(Bloomberg) -- Hudson’s Bay Co., the owner of Saks Fifth Avenue, said it will close as many as 10 Lord & Taylor stores -- including the flagship Manhattan location -- in an attempt to revive its struggling units.

The closures will occur through 2019, the company said Tuesday. Hudson’s Bay had originally planned to keep a Lord & Taylor presence in the Italian Renaissance building on Fifth Avenue, which it agreed to sell for $850 million in October. The store opened there in 1914.

“An increased focus on driving Lord & Taylor’s digital business, combined with new leadership and an optimized store footprint, is expected to reduce costs and improve the overall performance of this business,” the company said in a statement.

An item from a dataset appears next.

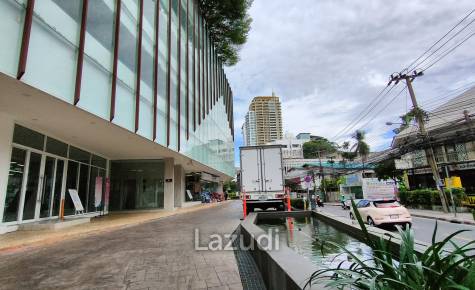 Retail Space for rent in Sukhumvit 39 perfect for showroom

The Canadian department-store company, which agreed to sell flash-sale website Gilt on Monday, also reported a normalized loss that was wider than analysts estimated and a 0.7 percent drop in comparable sales in the quarter ended May 5.

New Chief Executive Officer Helena Foulkes is adding to measures to turn around the company that have included job cuts, unloading a minority stake to a private equity firm to reduce debt, and striking partnerships with Walmart Inc. and WeWork Cos.

Saks Fifth Avenue was a bright spot, with same-store sales increasing 6 percent last quarter.

Recent reports paint an uneven picture of retailers’ health. While Macy’s Inc. posted a second straight quarter of sales gains and raised its full-year earnings outlook, J.C. Penney Co. cut its profit forecast after sales trailed estimates during an unseasonable cold spell. Among mall-based stores, Lululemon Athletica Inc.’s comparable sales growth accelerated, in contrast with a drop at Gap Inc.’s namesake stores.